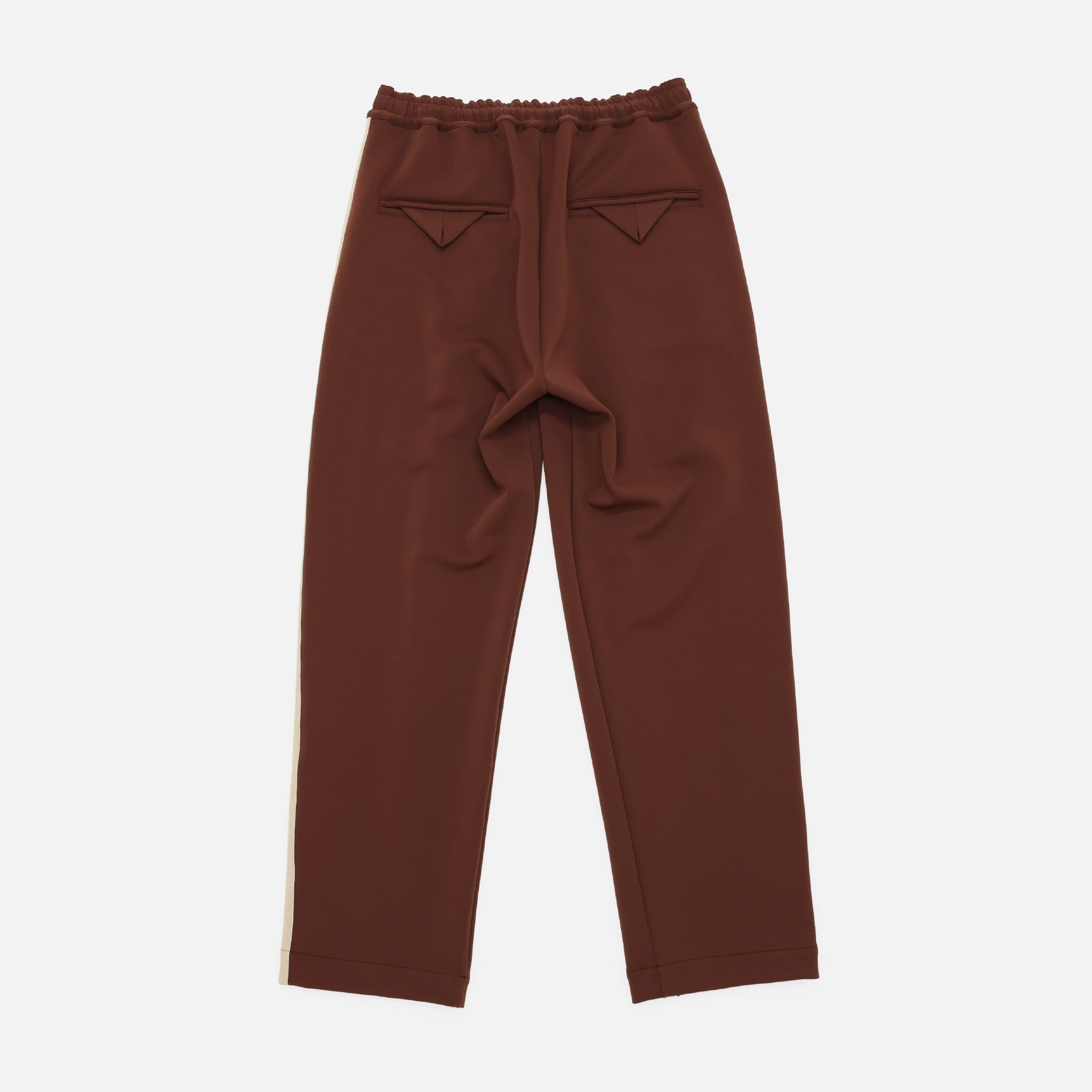 LACE TAPE TRACK PANTS（BROWN）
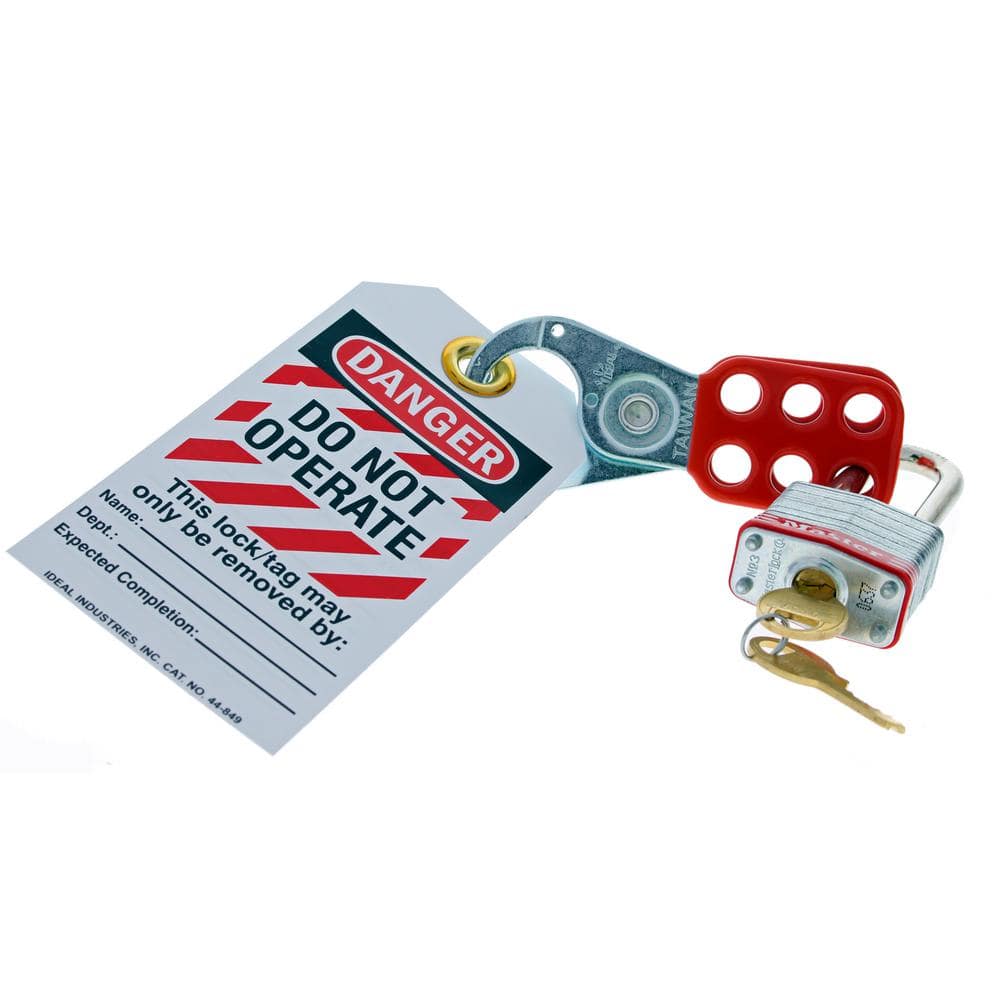 2 in. Padlock Steel Shackle Red Bumper - Hercitys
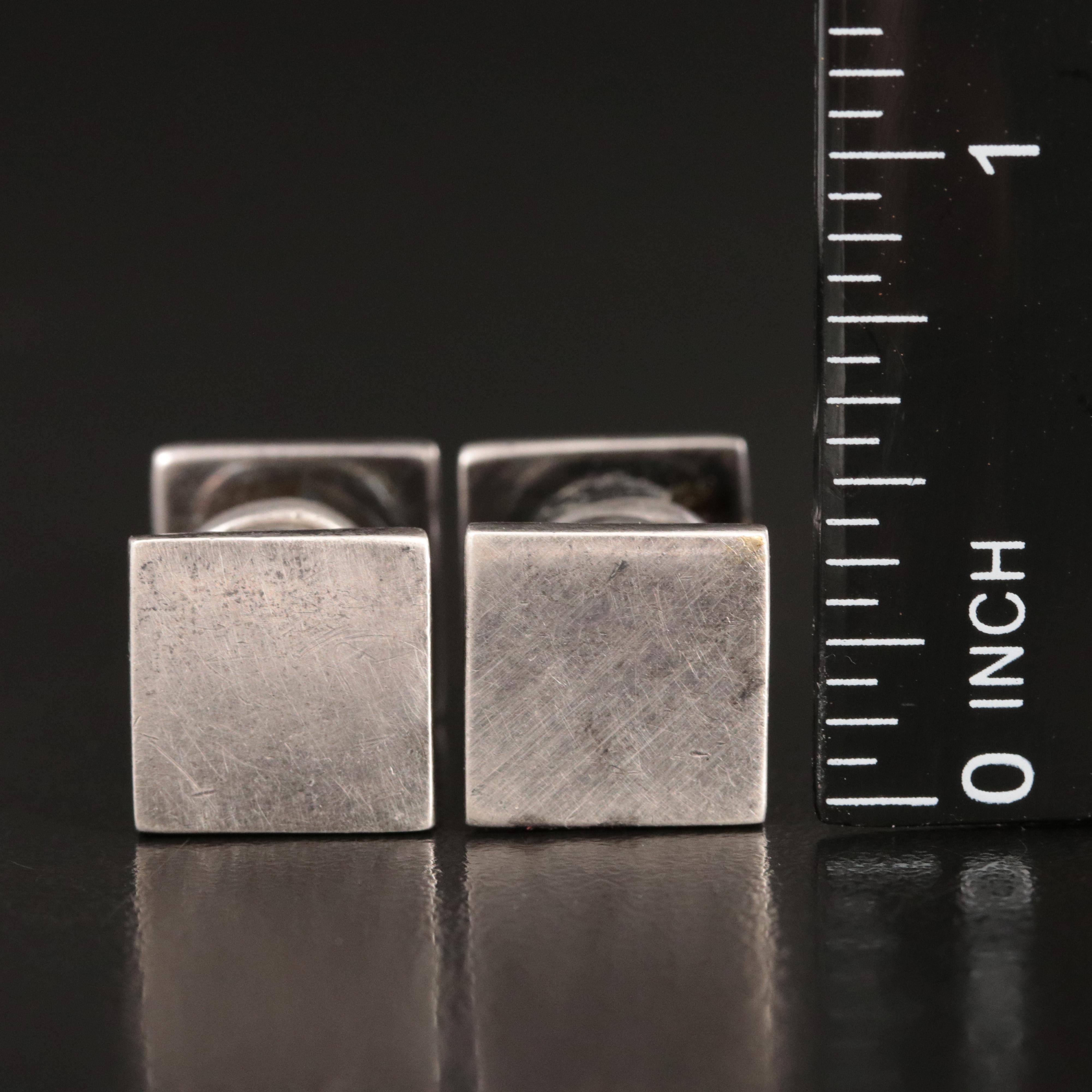 Prada Sterling Cufflinks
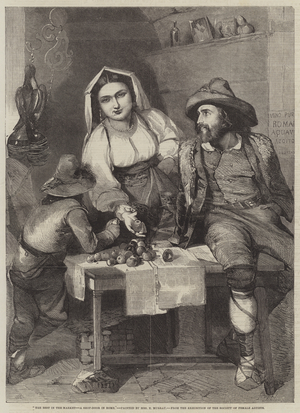 The Best in the Market, A Shop-Door in Rome (engraving)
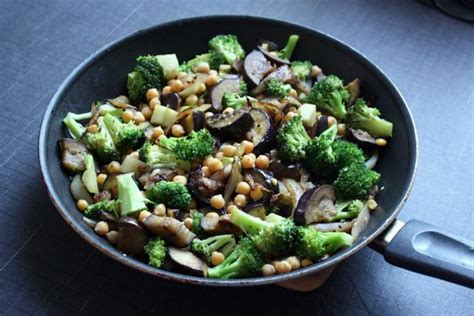Vegansk Panderet Med Broccoli Aubergine Og Kikærter Madlaboratoriet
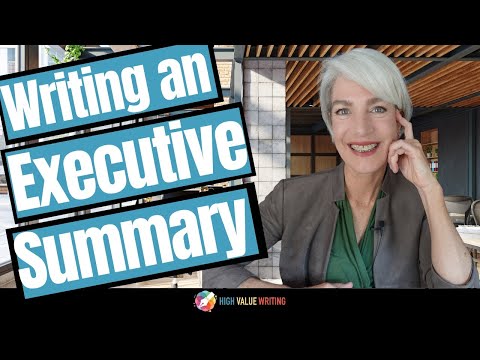 Write Better Executive Summaries In Minutes!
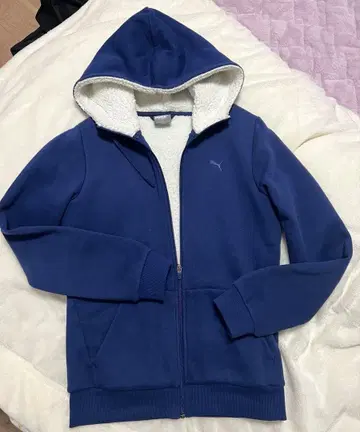 푸마 후드 부착 보아 후드티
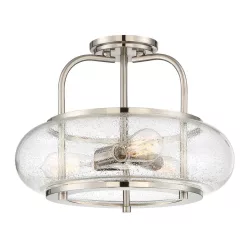   Elstead Lighting QUOIZLE QZ-TRILOGY-SFM-BN Plafonlámpa 3x60W/E27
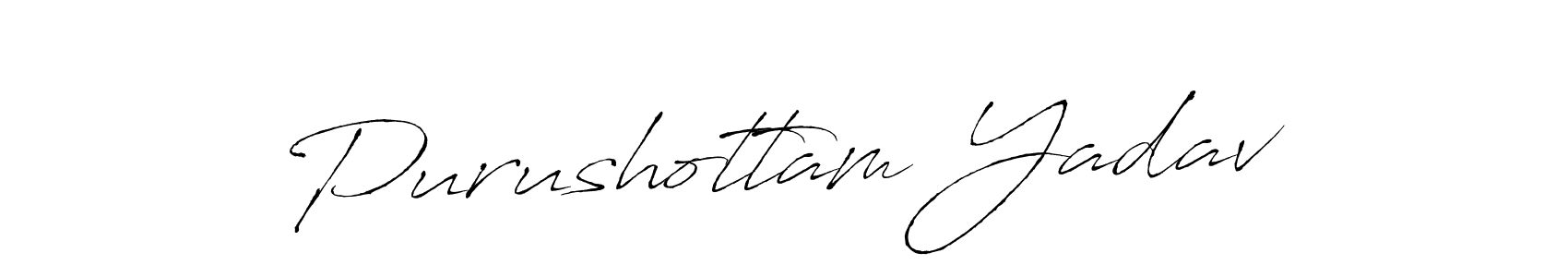 Make a beautiful signature design for name Purushottam Yadav. With this signature (Antro_Vectra) style, you can create a handwritten signature for free. Purushottam Yadav signature style 6 images and pictures png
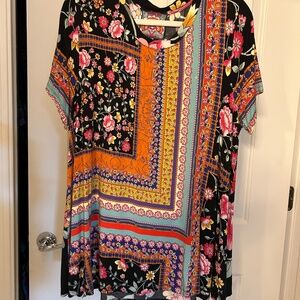 JOHNNY WAS Swing Tee Shirt Size 1X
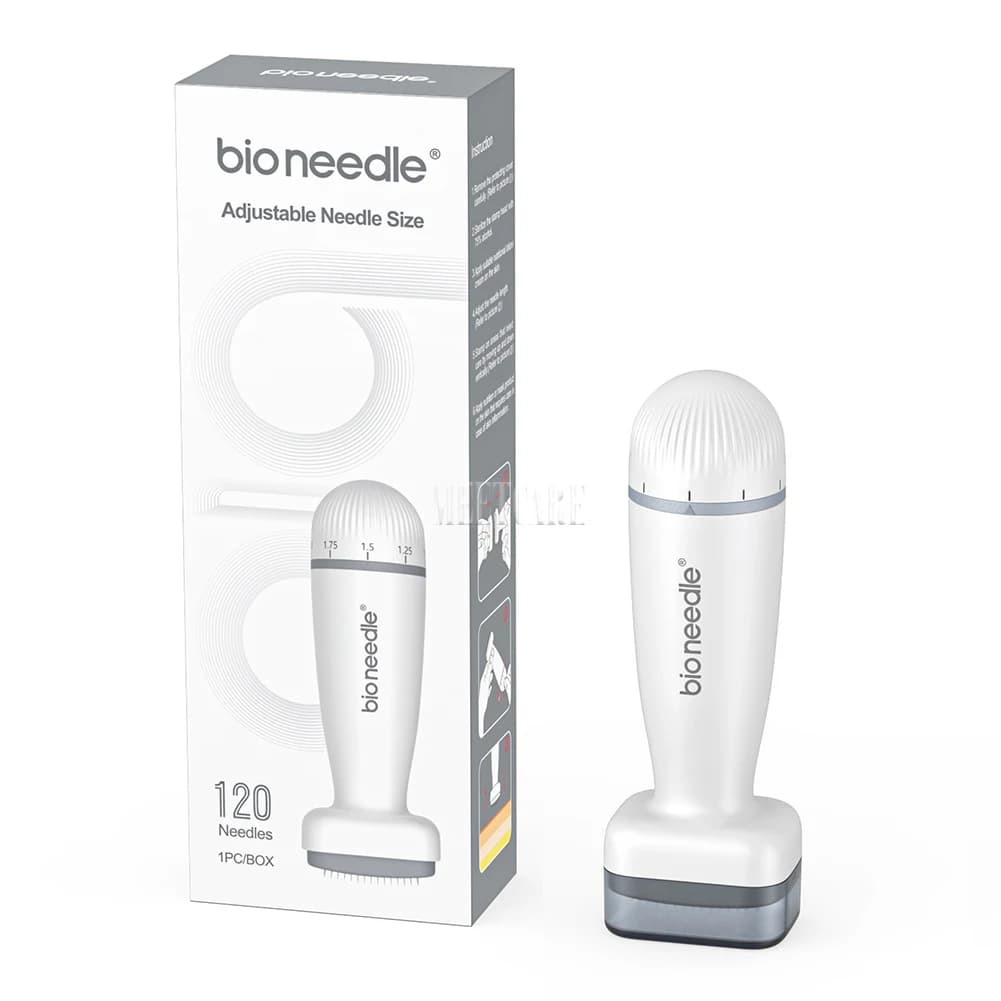 Aiguilles de dermaroller professionnelles pour micro-aiguilletage, dermaroller réglable pour le traitement de la perte de cheveux, outils de soin de la peau anti-âge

Task brief:
In your copy of the data above, leave out the pictures and repeat everything else exactly.

Exercise output:
 LACE TAPE TRACK PANTS（BROWN）
 2 in. Padlock Steel Shackle Red Bumper - Hercitys
 Prada Sterling Cufflinks
 The Best in the Market, A Shop-Door in Rome (engraving)
Vegansk Panderet Med Broccoli Aubergine Og Kikærter Madlaboratoriet
 Write Better Executive Summaries In Minutes!
 푸마 후드 부착 보아 후드티
   Elstead Lighting QUOIZLE QZ-TRILOGY-SFM-BN Plafonlámpa 3x60W/E27
 Make a beautiful signature design for name Purushottam Yadav. With this signature (Antro_Vectra) style, you can create a handwritten signature for free. Purushottam Yadav signature style 6 images and pictures png
 JOHNNY WAS Swing Tee Shirt Size 1X
 Aiguilles de dermaroller professionnelles pour micro-aiguilletage, dermaroller réglable pour le traitement de la perte de cheveux, outils de soin de la peau anti-âge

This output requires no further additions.